[[ DATA IN THIS EXERCISE open ]]

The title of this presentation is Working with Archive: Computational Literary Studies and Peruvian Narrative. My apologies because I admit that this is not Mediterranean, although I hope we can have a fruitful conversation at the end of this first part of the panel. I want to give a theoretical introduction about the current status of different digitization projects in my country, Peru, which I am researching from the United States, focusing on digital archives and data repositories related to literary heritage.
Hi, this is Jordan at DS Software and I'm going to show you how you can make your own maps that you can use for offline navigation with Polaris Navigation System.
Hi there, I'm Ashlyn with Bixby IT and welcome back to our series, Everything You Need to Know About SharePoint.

[[ DATA IN THIS EXERCISE closed ]]
[[ DATA IN THIS EXERCISE open ]]

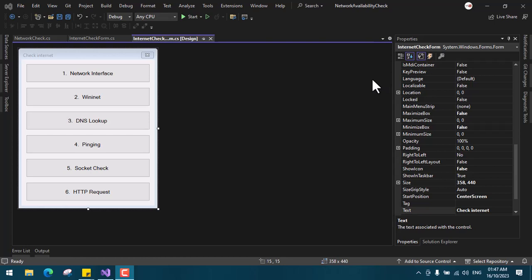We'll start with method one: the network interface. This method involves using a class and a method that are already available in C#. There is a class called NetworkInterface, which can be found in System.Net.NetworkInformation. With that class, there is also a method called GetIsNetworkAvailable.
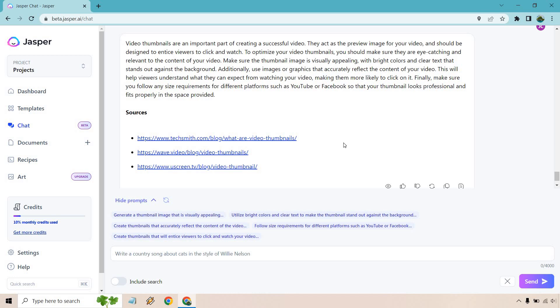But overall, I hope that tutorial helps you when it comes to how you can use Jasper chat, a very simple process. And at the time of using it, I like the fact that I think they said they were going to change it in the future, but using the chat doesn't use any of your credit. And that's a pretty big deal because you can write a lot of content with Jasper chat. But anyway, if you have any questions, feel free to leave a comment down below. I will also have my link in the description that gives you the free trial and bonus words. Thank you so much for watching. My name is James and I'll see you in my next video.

[[ DATA IN THIS EXERCISE closed ]]
[[ DATA IN THIS EXERCISE open ]]

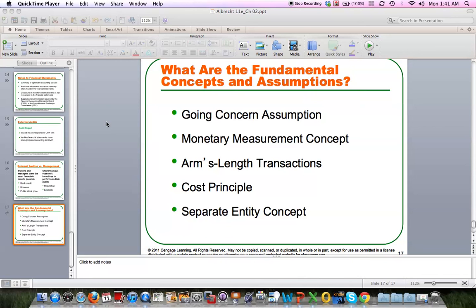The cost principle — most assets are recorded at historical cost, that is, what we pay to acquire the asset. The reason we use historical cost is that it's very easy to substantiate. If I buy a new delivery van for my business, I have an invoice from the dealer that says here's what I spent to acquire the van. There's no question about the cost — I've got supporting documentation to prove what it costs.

[[ DATA IN THIS EXERCISE closed ]]

WHAT IS BEING ASKED –
Please, from the material above, copy only the lines from the line with "Hi, this is" up to and including the line with "Hi there, I'm", exactly as written.

WRITTEN SOLUTION –
Hi, this is Jordan at DS Software and I'm going to show you how you can make your own maps that you can use for offline navigation with Polaris Navigation System.
Hi there, I'm Ashlyn with Bixby IT and welcome back to our series, Everything You Need to Know About SharePoint.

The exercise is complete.